This has fed through to global inflation, which has started to rise from historically low levels. The time has come for investors to consider whether their portfolios are properly positioned in this environment.
Even though the pace of economic growth will probably ease this year as a result of the disruption of the credit markets, demand from emerging economies, particularly China, is likely to keep commodity prices high. Central banks face the difficult challenge of balancing reduced economic activity with the risks of higher inflation. In developing countries, monetary policy may tighten, with interest rates rising, while the monetary authorities in the West are under pressure to reduce rates. This raises the spectre of a policy error, with potentially serious consequences.
Inflation is sometimes called the enemy of bond market investing, as rising prices erode the value of the returns from fixed-interest securities. In theory, equity investment should be protected from rising prices since revenues and earnings should rise at similar rates but inflation still poses a threat.

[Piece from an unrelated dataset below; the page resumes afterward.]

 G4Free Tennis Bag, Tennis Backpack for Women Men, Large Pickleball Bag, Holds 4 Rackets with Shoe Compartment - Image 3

One obvious way of protecting against inflation is to hold inflation-protected bonds, where the interest payments and principal are linked to the inflation index.
A modest allocation to these instruments may be a sensible way to protect a portfolio against inflation but we currently see little value in Government bonds after the recent strength of the fixed-interest markets. In particular, the UK index-linked bond market currently appears to offer the prospect of very low long-term returns relative to European index-linked bond markets.
Over the long term, we see more potential in equity markets. In particular, we believe the long-term case for many of the world’s emerging markets remains intact, as does the case for companies involved in the production or distribution of commodities.
We would, however, favour emerging countries with healthy economic fundamentals and credible monetary and fiscal policies. We believe these have the option of tackling inflation through monetary tightening and currency appreciation and that selected companies in these countries offer excellent protection against the risk of inflation.
This group includes the resource-rich Middle East and Russia and Latin America, which is well positioned to benefit from growing demand for food.
We are also confident that the long-term case for investing in Asia remains in place. China is expected to continue on its path of industrialisation and urbanisation, creating an environment where earnings can grow even if commodity prices rise.
Property has traditionally been a sensible choice for investors concerned about inflation, particularly where rental yields are subject to regular review. However, problems in the financial sector have started to affect the property markets in the US and UK, making us cautious about the prospects for this asset class at present. Instead, we would consider selected property markets in Europe and Asia, where the outlook is more buoyant. These markets could add useful diversification to a portfolio as well as a degree of inflation protection.
Another method of adding diversification while still aiming for returns in excess of inflation could be an allocation to hedge funds. Event-driven strategies can be positioned to benefit from rising prices while long/short strategies have the potential to short companies likely to perform badly in an infla-tionary environment.
Another possibility is an investment in funds which invest directly in commodities although this can be a rather specialist area.